具体的な手続に入る前に、削除できる場合についてご説明します。

ネット上の誹謗中傷、大まかに言いますと、自分にとって不都合、不利益なものについて、何でも削除できるわけではありません。任意で削除を求めるのであれば、各社のガイドラインに基づく請求であること、裁判手続で削除を求めるのであれば、名誉毀損などの権利侵害が生じていることや保全の必要性などを疎明していかなければなりません。

これらを基にサービス提供会社が削除に応じたり、裁判所の決定によって削除されることになります(誤解がないように言いますと、裁判所が削除するわけではなく、裁判所の命令によってプロバイダが削除するということです。)。

 

 

削除方法①~任意で求める~

先ほども少し触れましたが、削除を求めるにあたっては、任意で削除を求めるか、裁判手続によって求めるのか、の方法があります。

まずは任意で求める方法についてご説明します。

投稿した相手が判明している場合には、当事者間で直接削除を求めることができます。これが最も迅速に請求できます。ただし、投稿した相手が判明しているケースはレアケースであり(ただし「この人に間違いない」と思っている場合であっても相手は自分ではないとシラを切ることがあります。)、相手が請求に応じることもほとんどないです。

 

コンテンツプロバイダに削除を請求する

任意で求める場合に最も多く利用されるのが、サイト管理者などのコンテンツプロバイダに各社独自の削除依頼フォームから削除請求する、という手続です。

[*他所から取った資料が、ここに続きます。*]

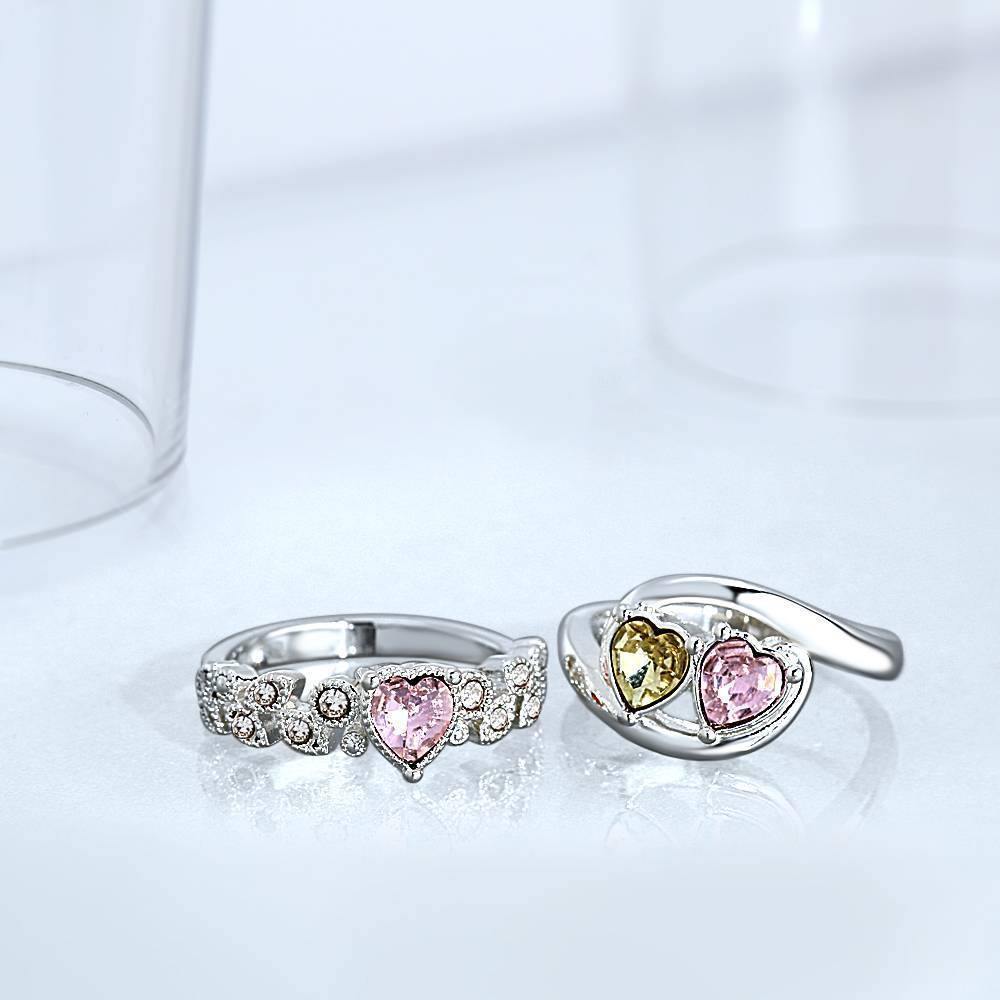 Personalised Heart Birthstone Ring Silver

もちろんこの手続によっても、請求すれば必ず削除されるわけではありません。また結果的に削除されたとしても、申請から数週間以上かかる場合もあります。基本的にガイドラインが用意されていることが多いので、一読した上で、どのようなことを記載しなければならないのか、証拠として何が必要なのかを把握し、削除請求した方が良いでしょう。

 

また送信防止措置依頼書(通称テレサ書式)による削除依頼をすることもあります。

この場合、サイト管理者(コンテンツプロバイダ)は、投稿者に対し、意見照会書を送り、2週間の回答期間を設けて回答を求めます。投稿者が拒否すれば、サイト管理者が削除依頼の内容を検討した上で、削除の措置をとります。一方で、サイト管理者が違法性がないと独自に判断した場合や、又はそもそも判断できない場合は削除されません。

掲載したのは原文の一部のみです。